Scraped caption text data:
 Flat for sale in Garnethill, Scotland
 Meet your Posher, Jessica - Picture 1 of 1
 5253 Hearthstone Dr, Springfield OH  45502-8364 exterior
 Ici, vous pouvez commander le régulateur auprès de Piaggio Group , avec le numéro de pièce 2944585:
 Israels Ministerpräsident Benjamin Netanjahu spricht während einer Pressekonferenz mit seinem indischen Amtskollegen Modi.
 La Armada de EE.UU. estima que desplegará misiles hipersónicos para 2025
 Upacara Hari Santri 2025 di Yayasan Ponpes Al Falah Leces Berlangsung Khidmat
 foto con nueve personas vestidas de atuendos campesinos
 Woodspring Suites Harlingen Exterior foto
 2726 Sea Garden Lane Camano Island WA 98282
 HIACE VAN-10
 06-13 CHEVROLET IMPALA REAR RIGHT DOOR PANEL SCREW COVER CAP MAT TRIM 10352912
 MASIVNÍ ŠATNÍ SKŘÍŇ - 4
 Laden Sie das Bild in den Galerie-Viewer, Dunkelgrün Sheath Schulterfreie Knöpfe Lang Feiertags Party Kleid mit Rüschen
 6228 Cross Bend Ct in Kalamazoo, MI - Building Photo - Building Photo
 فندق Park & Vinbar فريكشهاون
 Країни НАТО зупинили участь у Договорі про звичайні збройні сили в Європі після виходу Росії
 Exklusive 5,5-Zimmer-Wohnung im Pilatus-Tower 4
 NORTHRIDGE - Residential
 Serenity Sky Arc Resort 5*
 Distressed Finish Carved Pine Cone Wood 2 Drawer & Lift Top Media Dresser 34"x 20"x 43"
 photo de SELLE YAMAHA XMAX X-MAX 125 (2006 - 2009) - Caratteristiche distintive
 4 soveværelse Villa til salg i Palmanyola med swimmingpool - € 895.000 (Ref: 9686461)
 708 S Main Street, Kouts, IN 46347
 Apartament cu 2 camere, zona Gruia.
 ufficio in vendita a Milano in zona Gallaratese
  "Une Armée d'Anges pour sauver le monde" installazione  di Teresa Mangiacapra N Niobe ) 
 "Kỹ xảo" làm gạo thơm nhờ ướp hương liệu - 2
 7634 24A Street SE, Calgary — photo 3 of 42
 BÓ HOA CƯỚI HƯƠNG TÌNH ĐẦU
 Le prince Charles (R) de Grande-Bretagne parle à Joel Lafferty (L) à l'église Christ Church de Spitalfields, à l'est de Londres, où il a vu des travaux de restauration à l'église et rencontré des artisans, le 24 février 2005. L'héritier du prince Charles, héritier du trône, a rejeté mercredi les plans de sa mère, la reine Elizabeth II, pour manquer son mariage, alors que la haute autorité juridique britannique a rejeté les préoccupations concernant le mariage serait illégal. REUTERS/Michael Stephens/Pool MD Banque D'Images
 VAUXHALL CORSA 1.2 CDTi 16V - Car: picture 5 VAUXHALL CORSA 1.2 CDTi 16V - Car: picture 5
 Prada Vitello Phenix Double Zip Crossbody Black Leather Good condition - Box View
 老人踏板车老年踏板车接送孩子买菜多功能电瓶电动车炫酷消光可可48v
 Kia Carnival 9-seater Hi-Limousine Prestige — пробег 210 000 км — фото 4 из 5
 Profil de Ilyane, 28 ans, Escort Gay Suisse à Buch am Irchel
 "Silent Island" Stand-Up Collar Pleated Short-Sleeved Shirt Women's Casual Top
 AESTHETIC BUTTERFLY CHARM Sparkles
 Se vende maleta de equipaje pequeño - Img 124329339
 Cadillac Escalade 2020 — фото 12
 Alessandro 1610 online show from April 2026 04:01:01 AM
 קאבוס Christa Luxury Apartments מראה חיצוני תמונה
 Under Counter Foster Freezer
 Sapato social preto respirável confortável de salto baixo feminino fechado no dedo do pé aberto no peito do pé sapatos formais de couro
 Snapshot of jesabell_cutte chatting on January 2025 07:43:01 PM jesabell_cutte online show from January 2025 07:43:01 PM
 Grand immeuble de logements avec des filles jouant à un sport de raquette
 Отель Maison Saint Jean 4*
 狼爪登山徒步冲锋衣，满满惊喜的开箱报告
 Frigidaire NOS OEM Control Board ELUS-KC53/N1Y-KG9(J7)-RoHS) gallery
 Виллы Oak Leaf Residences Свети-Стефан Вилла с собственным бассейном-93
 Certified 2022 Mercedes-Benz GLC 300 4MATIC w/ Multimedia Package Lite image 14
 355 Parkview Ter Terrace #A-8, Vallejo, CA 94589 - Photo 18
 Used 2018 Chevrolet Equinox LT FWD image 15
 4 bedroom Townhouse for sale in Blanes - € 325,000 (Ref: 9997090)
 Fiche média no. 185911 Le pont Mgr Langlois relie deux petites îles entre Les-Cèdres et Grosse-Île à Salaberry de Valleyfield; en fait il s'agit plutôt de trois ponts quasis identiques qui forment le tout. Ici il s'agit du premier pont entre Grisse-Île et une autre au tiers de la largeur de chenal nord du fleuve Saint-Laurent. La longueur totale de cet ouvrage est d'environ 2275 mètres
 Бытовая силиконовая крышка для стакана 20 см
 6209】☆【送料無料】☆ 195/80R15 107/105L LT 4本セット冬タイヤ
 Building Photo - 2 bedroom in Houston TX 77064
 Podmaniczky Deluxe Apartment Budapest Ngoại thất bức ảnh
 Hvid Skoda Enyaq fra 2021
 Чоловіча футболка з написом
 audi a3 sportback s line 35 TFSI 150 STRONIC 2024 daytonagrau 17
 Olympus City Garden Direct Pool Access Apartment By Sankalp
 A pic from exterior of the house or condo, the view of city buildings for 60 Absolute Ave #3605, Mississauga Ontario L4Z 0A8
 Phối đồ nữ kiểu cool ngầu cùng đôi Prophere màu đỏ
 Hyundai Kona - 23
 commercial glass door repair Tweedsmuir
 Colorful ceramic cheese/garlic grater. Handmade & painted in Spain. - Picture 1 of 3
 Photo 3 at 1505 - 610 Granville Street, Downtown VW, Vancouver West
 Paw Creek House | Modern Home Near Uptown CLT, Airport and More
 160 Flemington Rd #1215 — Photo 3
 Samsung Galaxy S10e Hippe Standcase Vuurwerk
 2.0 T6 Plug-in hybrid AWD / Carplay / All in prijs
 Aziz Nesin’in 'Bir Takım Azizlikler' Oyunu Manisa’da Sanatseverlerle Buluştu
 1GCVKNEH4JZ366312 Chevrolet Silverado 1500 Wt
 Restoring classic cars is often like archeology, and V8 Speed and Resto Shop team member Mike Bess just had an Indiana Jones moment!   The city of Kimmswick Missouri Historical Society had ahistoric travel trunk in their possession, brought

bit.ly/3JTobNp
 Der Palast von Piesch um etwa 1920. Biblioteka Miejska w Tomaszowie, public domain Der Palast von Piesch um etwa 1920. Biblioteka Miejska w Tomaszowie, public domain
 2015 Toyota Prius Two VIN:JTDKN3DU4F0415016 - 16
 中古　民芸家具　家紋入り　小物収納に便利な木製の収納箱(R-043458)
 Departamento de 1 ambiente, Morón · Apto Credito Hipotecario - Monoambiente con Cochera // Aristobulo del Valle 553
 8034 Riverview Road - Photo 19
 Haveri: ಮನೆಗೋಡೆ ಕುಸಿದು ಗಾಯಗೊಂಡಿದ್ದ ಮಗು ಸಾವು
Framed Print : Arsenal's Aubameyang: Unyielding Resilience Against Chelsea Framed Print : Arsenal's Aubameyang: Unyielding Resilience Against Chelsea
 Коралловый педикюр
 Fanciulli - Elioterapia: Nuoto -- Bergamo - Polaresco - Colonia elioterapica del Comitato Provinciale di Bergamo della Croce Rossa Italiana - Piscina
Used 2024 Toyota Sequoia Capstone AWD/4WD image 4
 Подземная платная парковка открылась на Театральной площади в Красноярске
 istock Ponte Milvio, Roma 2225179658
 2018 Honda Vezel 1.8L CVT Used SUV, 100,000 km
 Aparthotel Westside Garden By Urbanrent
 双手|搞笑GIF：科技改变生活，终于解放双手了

**Requirement:** What you retype should run from the first line of the entries above through the line containing "Ici, vous pouvez", exactly and in full.

**Answer to this task:**
 Flat for sale in Garnethill, Scotland
 Meet your Posher, Jessica - Picture 1 of 1
 5253 Hearthstone Dr, Springfield OH  45502-8364 exterior
 Ici, vous pouvez commander le régulateur auprès de Piaggio Group , avec le numéro de pièce 2944585:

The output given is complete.